Social distancing is therefore the single most important action we can all take.

We need public information (as used to be broadcast on TV) pumped out every day across the media.

The Royal Borough needs marshals on shopping thoroughfares with loudhailers reminding us to socially distance and wear face coverings in town centres.

This Prime Minister is an anti-Midas: everything he touches turns to rubbish.

He’s got every major pandemic decision wrong: lockdown, care homes, PPE, Test and Trace, Cummingsgate, etc.

His actions and decisions are causing needless deaths and suffering, wasting enormous amounts of money and destroying our country and businesses.

This has to stop.



East Berkshire Green Party

Maintaining vigilance against the virus

During the last four weeks Windsor and Maidenhead have had 160 new COVID-19 cases, far more than any other Berkshire unitary authority.

Slough came second with 100 cases.

Maidenhead East has had the highest number of new cases at 25, and yet it has been impossible to get a test despite rising numbers.

Rome Fiumicino airport have been trialling tests on some flights requiring all travellers to have a swab test, the result of which is available within 30 minutes.

We really do need a way of being able to test anyone who is concerned that they may have the virus.

We must all continue to be vigilant, keep two metres apart, wear face masks where appropriate, take care and be safe.


Cox Green Lane


Concern for workers and young graduates

A ‘virtual’ Trade Unions Congress took place last week, against a background of fears concerning a second wave of the COVID-19 pandemic, and of the Government’s ending of the Job Retention Scheme, or furlough, on October 31.

This decision will directly impact upon the estimated 20,000 plus workers who are currently furloughed in Slough.

We applaud the Chancellor for introducing the furlough; it was brave, bold, and the right thing to do for our country.

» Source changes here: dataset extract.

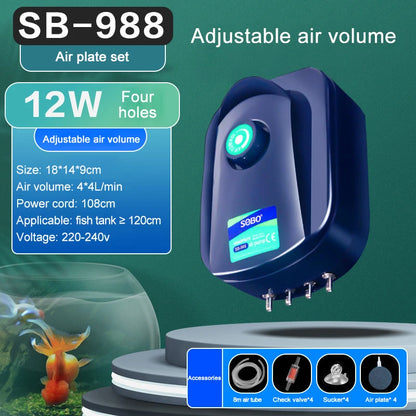 SOBO Silent Aquarium Oxygen Air Pump Fish Tank Adjustable Air Volume High Power Oxygenator Air Compressor Aerator 220V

However, it is not past the point of return to prevent a wave of redundancies if the scheme winds up.

The TUC implores the Chancellor to extend the furlough scheme, the pandemic is not going to end in October, so neither should the furlough.

When this crisis began the Chancellor said he would ‘do whatever it takes’ – and he must keep to that promise.

The TUC worked closely with the Government earlier this year: indeed, the furlough was the idea of the TUC, and it is serious about stopping the catastrophe of mass unemployment.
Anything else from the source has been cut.